Boletín de la Sociedad Geológica Mexicana

Volumen 70, núm. 1, 2018, p. 49 ‒ 60

The Paleoanthropocene of the Yucatán Peninsula: palynological evidence of environmental change

Gerald A. Islebe1,*, Nuria Torrescano-Valle1, Alejandro A. Aragón-Moreno1, Alejandro A. Vela-Peláez1, Mirna Valdez-Hernández1

1 El Colegio de la Frontera Sur, Herbario, Departamento Conservación de la Biodiversidad, Avenida Centenario km 5.5, Apartado Postal 424, CP 77014, Chetumal, Quintana Roo, México.

* This email address is being protected from spambots. You need JavaScript enabled to view it.


Human activities have changed and shaped landscape conditions of the Yucatán Peninsula for more than 4000 years. Several paleoecological studies showed the oldest pollen record of corn-based agriculture is from northern Belize, with an estimated age of 3300 BC.

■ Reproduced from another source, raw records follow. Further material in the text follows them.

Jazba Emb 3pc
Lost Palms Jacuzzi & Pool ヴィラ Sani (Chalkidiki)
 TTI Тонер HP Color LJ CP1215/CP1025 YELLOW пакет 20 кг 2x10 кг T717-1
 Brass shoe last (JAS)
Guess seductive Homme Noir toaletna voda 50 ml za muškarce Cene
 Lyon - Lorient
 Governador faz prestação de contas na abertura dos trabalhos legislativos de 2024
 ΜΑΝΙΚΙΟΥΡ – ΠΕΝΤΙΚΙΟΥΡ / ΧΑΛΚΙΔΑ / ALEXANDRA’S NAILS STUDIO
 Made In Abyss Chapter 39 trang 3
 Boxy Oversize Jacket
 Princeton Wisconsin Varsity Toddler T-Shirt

Several other studies report maize between 1500 and 3000 BC from northern Guatemala and the Mexican part of the Yucatán Peninsula. After 3500 cal yr BP several paleoecological studies showed a marked tendency to drier climatic conditions. In pollen records, increased drought is expressed as a reduced presence of fossil arboreal pollen. Pollen records with the presence of Zea maysalso show other taxa, which are indicators of disturbance in different vegetation types.

Keywords: Paleoanthropocene, Holocene, Yucatán Peninsula, fossil pollen, Zea mays.